GPU Architecture Details (RTX 3090 Example)

Note

Note: The GA102 GPU also features 168 FP64 units (two per SM), which are not depicted in this diagram. The FP64 TFLOP rate is 1/64th the TFLOP rate of FP32 operations. The small number of FP64 hardware units are included to ensure any programs with FP64 code operate correctly, including FP64 Tensor Core code.

Streaming Multiprocessors (SMs):
- RTX 3090 has 82 SMs.
- SMs are largely independent.
- Share a common L2 cache.
Floating-Point Cores:
- Consumer GPUs lack dedicated FP64 cores.
- RTX 3090 has a limited FP64 rate (1/64th of FP32).
- Accidental use of FP64 constants can significantly slow down computation.
Streaming Multiprocessor Structure:
- Each SM has four units, each with:
  - Register file.
  - Scheduling and dispatch unit (32 threads/clock).
  - Compute units: 32 FP32 units (half can do INT32).
  - Tensor cores.

Figure 3. GA10x Streaming Multiprocessor (SM)

Kernel Execution:
- Thread blocks are assigned to SMs (no user control over assignment).
- Multiple blocks can be assigned to one SM if resource limits allow.
- RTX 3090 can handle up to 1536 threads per SM.
- Ideal block size divides 1536 (e.g., 256 or 512).
Warp Execution:
- Each SM processes one warp (32 threads) at a time.
- Warp divergence occurs when threads within a warp are not in sync, leading to partial execution.
Registers:
- Shared register file (64K 32-bit registers per SM).
- Registers are not cleared when switching between warps, requiring careful management of register usage.
L1 Cache and Shared Memory:
- 128KB of on-chip memory per SM, split between L1 cache and shared memory.
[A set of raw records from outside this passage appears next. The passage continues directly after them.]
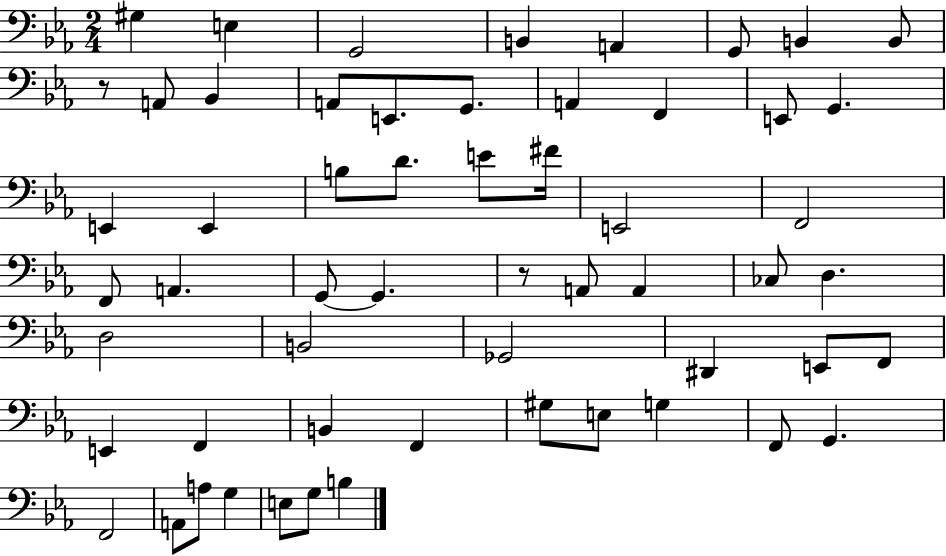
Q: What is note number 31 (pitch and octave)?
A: A2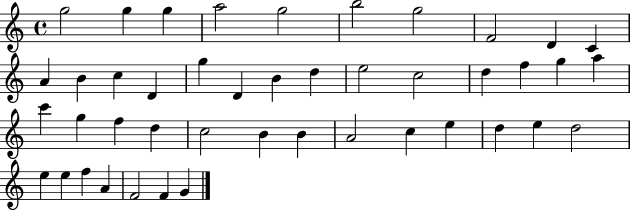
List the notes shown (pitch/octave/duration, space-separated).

G5/h G5/q G5/q A5/h G5/h B5/h G5/h F4/h D4/q C4/q A4/q B4/q C5/q D4/q G5/q D4/q B4/q D5/q E5/h C5/h D5/q F5/q G5/q A5/q C6/q G5/q F5/q D5/q C5/h B4/q B4/q A4/h C5/q E5/q D5/q E5/q D5/h E5/q E5/q F5/q A4/q F4/h F4/q G4/q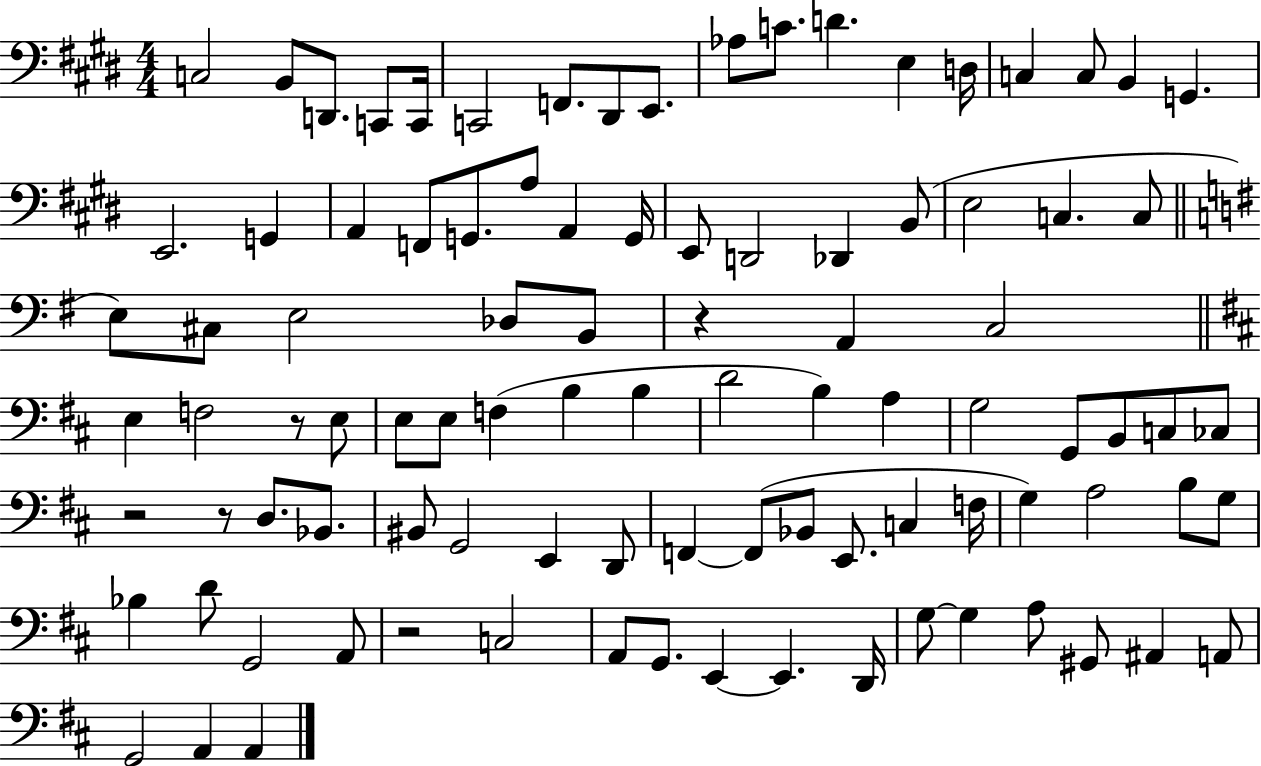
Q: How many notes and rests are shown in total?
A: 96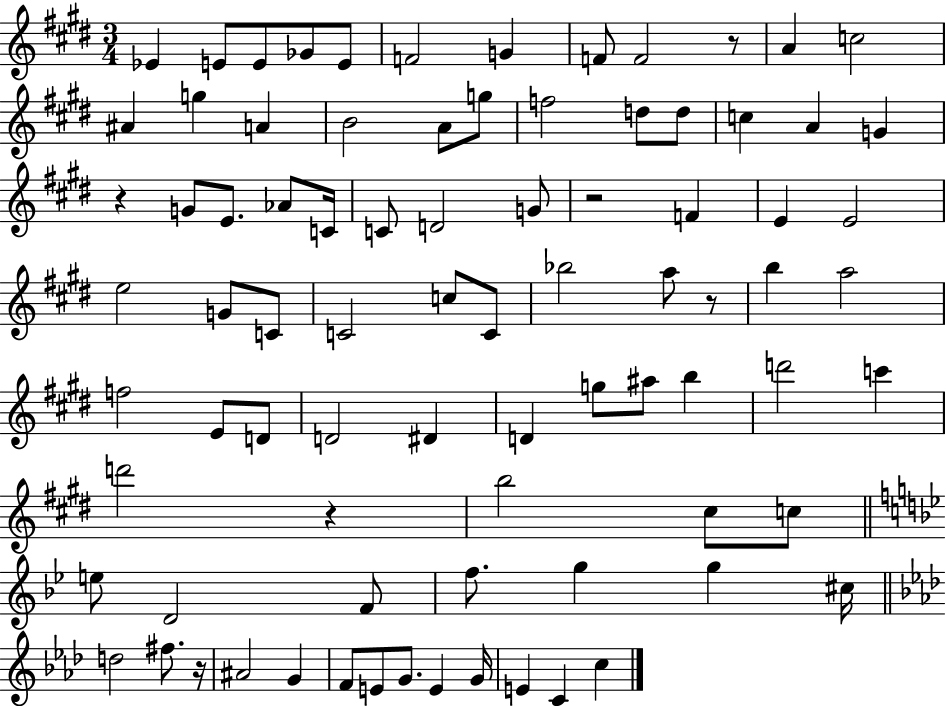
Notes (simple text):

Eb4/q E4/e E4/e Gb4/e E4/e F4/h G4/q F4/e F4/h R/e A4/q C5/h A#4/q G5/q A4/q B4/h A4/e G5/e F5/h D5/e D5/e C5/q A4/q G4/q R/q G4/e E4/e. Ab4/e C4/s C4/e D4/h G4/e R/h F4/q E4/q E4/h E5/h G4/e C4/e C4/h C5/e C4/e Bb5/h A5/e R/e B5/q A5/h F5/h E4/e D4/e D4/h D#4/q D4/q G5/e A#5/e B5/q D6/h C6/q D6/h R/q B5/h C#5/e C5/e E5/e D4/h F4/e F5/e. G5/q G5/q C#5/s D5/h F#5/e. R/s A#4/h G4/q F4/e E4/e G4/e. E4/q G4/s E4/q C4/q C5/q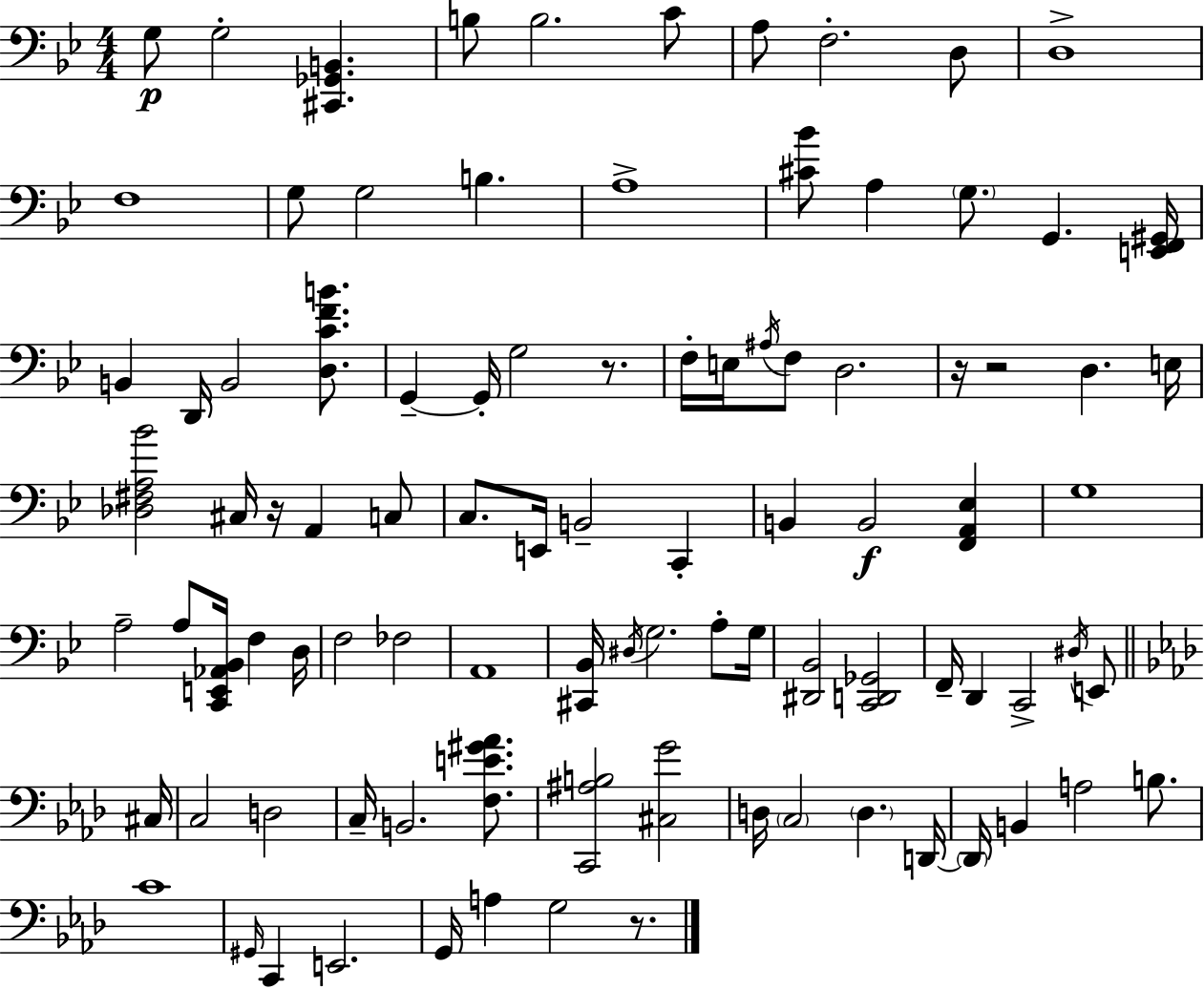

Threads, Warps, and Blocks

Kernel Launch: Defined by block layout (threads per block) and grid layout (number of blocks).
Thread Block:
- Assigned to a single SM.
- Threads within a block execute in parallel on the same SM.
- Threads within a block can access shared memory.
Blocks:
- Independent of each other.
- CUDA assigns blocks to SMs arbitrarily (no programmer control).
- Execution order of blocks is not guaranteed.
SM Thread Capacity:
- SMs can process more threads than the maximum threads in a block.
- Multiple blocks can be assigned to a single SM, if resource limits allow.
- Example (RTX 3090): Maximum 1536 threads per SM.
- Recommendation: Choose block sizes (e.g., 256, 512) that divide the maximum thread capacity for optimal SM utilization.
Warp:
- A group of 32 threads.
- SMs process one warp at a time.
- Warp Divergence: Occurs when threads within a warp follow different execution paths (e.g., due to conditional statements).
  - Leads to reduced performance as only a subset of threads in a warp execute at a time.
AMD Terminology:
- Wavefronts: AMD’s term for warps.
- Typically 64 threads, but can be reduced to 32 via compiler options.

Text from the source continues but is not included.